Supreme Court of United States.
*609 Messrs. Philip Rosenfeld and Lawrence Koenigsberger, with whom Messrs. Morris Simon and Eugene Young were on the brief, for appellants.
Mr. Edwin H. Gibson, Assistant Attorney General of Virgina, and Mr. John S. Barbour, with whom Mr. Abram P. Staples, Attorney General, was on the brief, for appellees.
MR. JUSTICE CARDOZO delivered the opinion of the Court.
A statute of Virginia, known as the "Milk and Cream Act," is assailed by the appellants as invalid both under the Constitution of Virginia and under that of the United States.
The act is chapter 357 of the Laws of 1934. It recites the existence of demoralizing trade practices in the dairy industry, threatening to interrupt the supply of pure and wholesome milk for the inhabitants of the Commonwealth and producing an economic emergency so acute and destructive as to call for corrective measures. It establishes *610 a Milk Commission with power to create within the state natural market areas, and to fix the minimum and maximum prices to be charged for milk and cream therein. It authorizes the Commission to exact a license from distributors subject to the act, and provides that in the absence of such a license sales shall be unlawful within the market areas. It imposes taxes or fees for the support of the Commission and of local milk boards which are to be created to cooperate with the Commission in making the plan effective. It warns (§ 14) that none of its provisions "shall apply or be construed to apply to foreign or interstate commerce, except in so far as the same may be effective pursuant to the United States Constitution and to the laws of the United States enacted pursuant thereto." Finally it provides (§ 16) that "if any section, clause, or sentence or paragraph shall be declared unconstitutional for any reason, the remainder of the act shall not be affected thereby." A fuller summary of the statute is given in the opinion of the court below (16 F. Supp. 575), to which reference is made. Other provisions will be noted in this opinion later.
The suit is for an injunction to restrain the members of the Commission from enforcing the statute or the regulations made thereunder. One of the two plaintiffs (Highland Farms Dairy, Incorporated), which will be spoken of as "Highland," has a creamery for the pasteurizing and treatment of milk at Washington in the District of Columbia. For that purpose it buys milk from farmers in Virginia and Maryland. Its entire output of bottled milk it sells to the other plaintiff, Luther W. High, who has retail stores in Virginia and elsewhere for the sale of ice cream, milk and other dairy products. A regulation adopted by the Commission on March 27, 1936, set up a market area, described as the Arlington-Alexandria Milk Market, within which High is engaged in business. Minimum *611 prices prescribed for that area are in excess of the prices at which Highland had been selling to High and at which High had sold to the consumers. Each went on selling at the old prices. Neither made application for a license. In June, 1936, the Commission gave notice to High that it would proceed against him for an injunction if he refused compliance with its orders. No proceedings against Highland were begun or even threatened, the Commission taking the position that Highland was not subject to the prohibitions of the statute, its sales and purchases in Virginia being transactions in interstate commerce. In spite of this disclaimer, Highland joined with High in suing to enjoin the enforcement of the Act. A District Court of three judges, organized in accordance with § 266 of the Judicial Code (28 U.S.C. § 380), gave judgment for the defendants, with a comprehensive opinion to which little can be added. 16 F. Supp. 575. The case is here upon appeal. 28 U.S.C. § 380.

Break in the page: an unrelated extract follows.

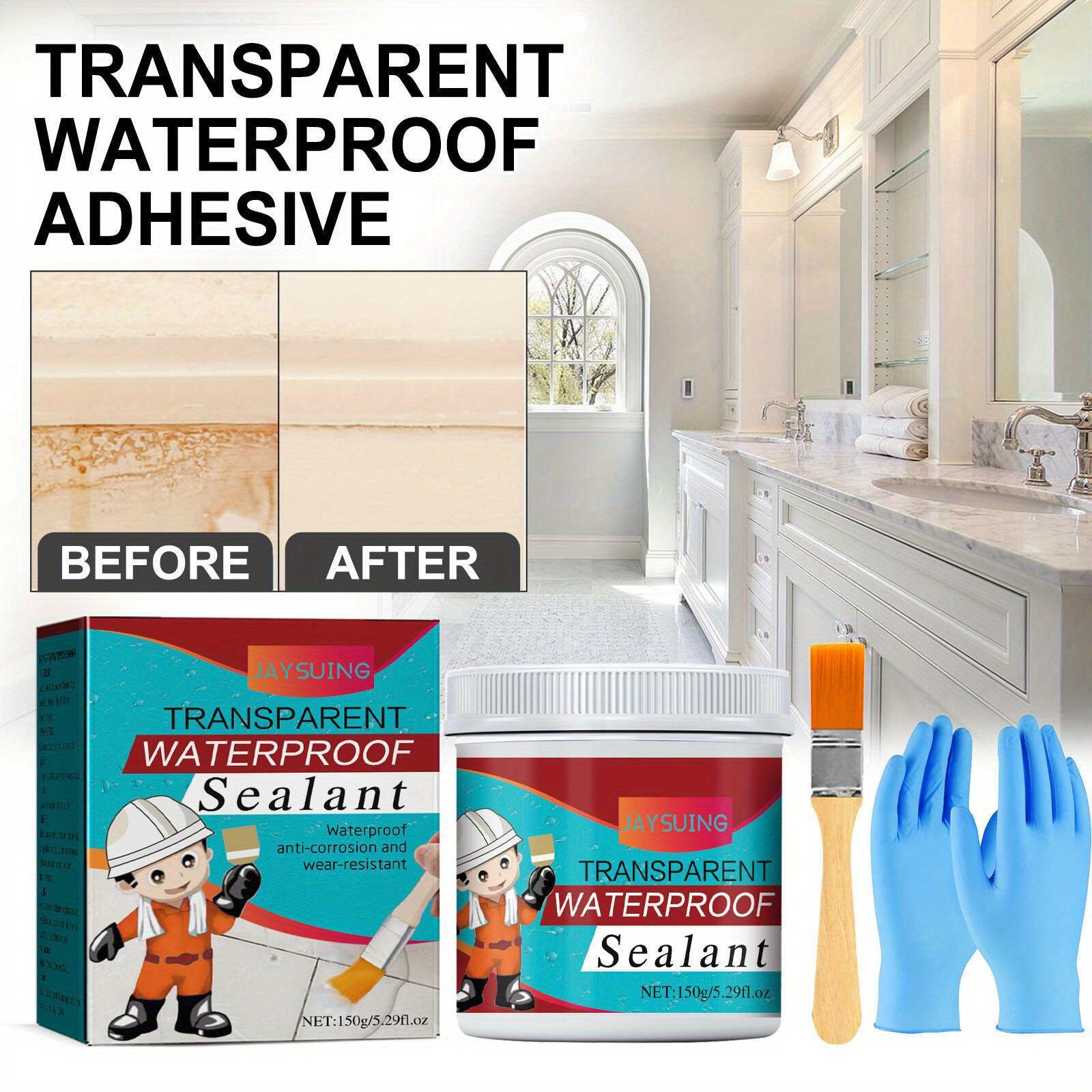 2pcs Transparent Waterproof Adhesive Leak Repair No Need To Break Tiles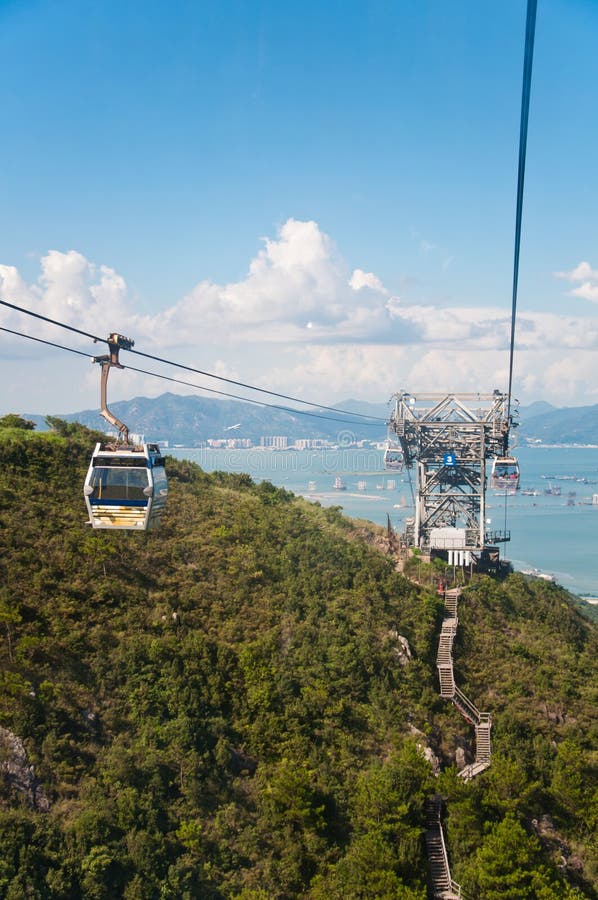Cable car on the mountain stock photo. Image of ropeway 33804612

The power of a state to fix a minimum price for milk in order to save producers, and with them the consuming public, from price cutting so destructive as to endanger the supply, was affirmed by this court in Nebbia v. New York, 291 U.S. 502, and in other cases afterwards. Hegeman Farms Corp. v. Baldwin, 293 U.S. 163; Borden's Farm Products Co. v. Ten Eyck, 297 U.S. 251. Appellants are not asking us to undo what was there done. They take the ground, however, that the statute of Virginia is open to objections that were inapplicable to the statute of New York. The present grounds of criticism will be considered one by one.
1. The statute is not invalid as an unlawful delegation of legislative power.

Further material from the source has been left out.